What one album could each of you not live without?
Charli: The album I couldn’t live without has to be Kate Bush’s Hounds of Love. This album inspired me to think differently about how I could work with music, its magical and was a gift from a friend which made it really special.
Mark: It has to be Primal Scream- Screamadelica! It’s timeless and always gets you in the mood for a party!!!
Aled: The Bends by Radiohead, it’s such a perfectly crafted mature album of songs that blend so well as the perfect album should.
Gruff: Bryter Layter by Nick Drake. Every song flows perfectly but especially ‘Northern Lights’, that song has been with me for what feels like forever, it’s just perfect in every way. It’s an album you can play on a bright summers morning or even when you’re in a dark place wanting to shy away from the world. He created a universe full of vivid imagery with this album, it’s unashamedly romantic and by far the album that will never ever leave me.
Ray: I think I’d go with Biffy Clyro – Blackened Sky. A friend lent it to me at school and it really got me excited about music. Since then they’ve been my favourite band and their second album The Vertigo Of Bliss was the first album I ever bought. I kind of look back at that time as when I discovered good music. I kind of have a theory that the band you discover around 13/14 ends up being your favourite band. It seems to be a good rule of thumb anyway
What’s the weirdest thing you’ve seen or done at a gig?
Ray: Hmmmm… I was at T in the Park in 2013 watching Palma Violets and some guy in the crowd decided for whatever reason to get naked… That was pretty weird! Haha!
Aled: In our early days we played a show with a French Tenacious D tribute act; that was a surreal experience that will never be forgotten.
What’s the best piece of advice you’ve received?
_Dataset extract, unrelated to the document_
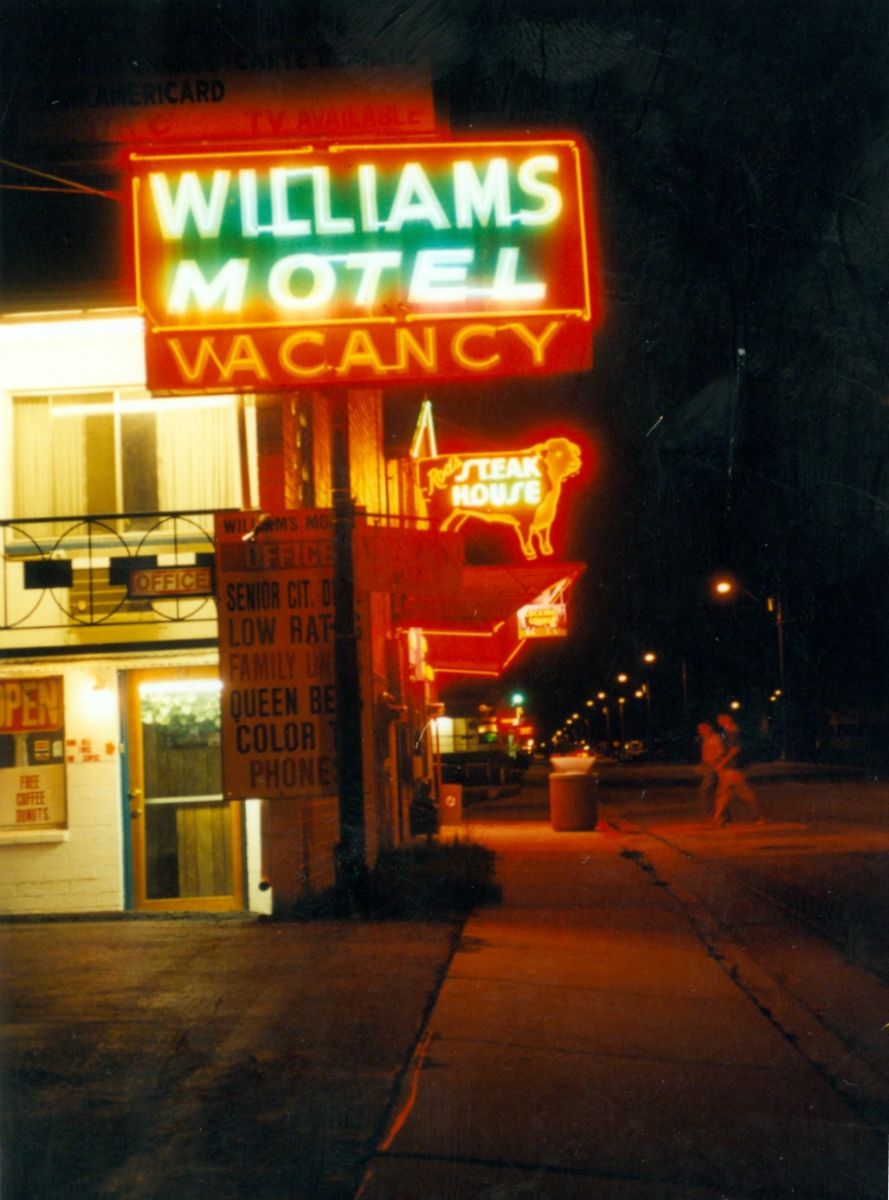 AZ060240.jpg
Gruff: “Write a song a day. It will become as natural as breathing”. It was a High Fidelity moment in a record store I spent much of my time in during my first year at uni. Bob, the musician who worked there was just such an inspiration to me, he had been part of punk in the early days but was open to all kinds of music. Since that day I’ve never had writers block, yes it’s not a song a day by now but I always make sure I write something. It has made writing songs a need as much as eating and sleeping, it’s my way of communicating with the world. We will never run out of songs in the band that’s for sure but more than that it aloud me to have creativity as an integral interwoven part of my day to day life. For that I will forever be grateful.
What does 2015 have in store for Tree of Wolves?
Gruff: Releasing a lot of music, we have the Sleepwalking EP in April, we are also working on ideas for maybe releasing two double A side singles before the end of the year and then sorting out songs that will become our first album the year after. Touring and a lot of it! We will be playing a lot of shows to promote the EP across the UK. In many ways keep on going as we have been, it’s been amazing 18 months of meeting new interesting people seeing new places and forming a really tight bond with each other. We are creating music we are really proud of and every release is a big step forward and more and more people are tuning into us. Its going to be a really good year.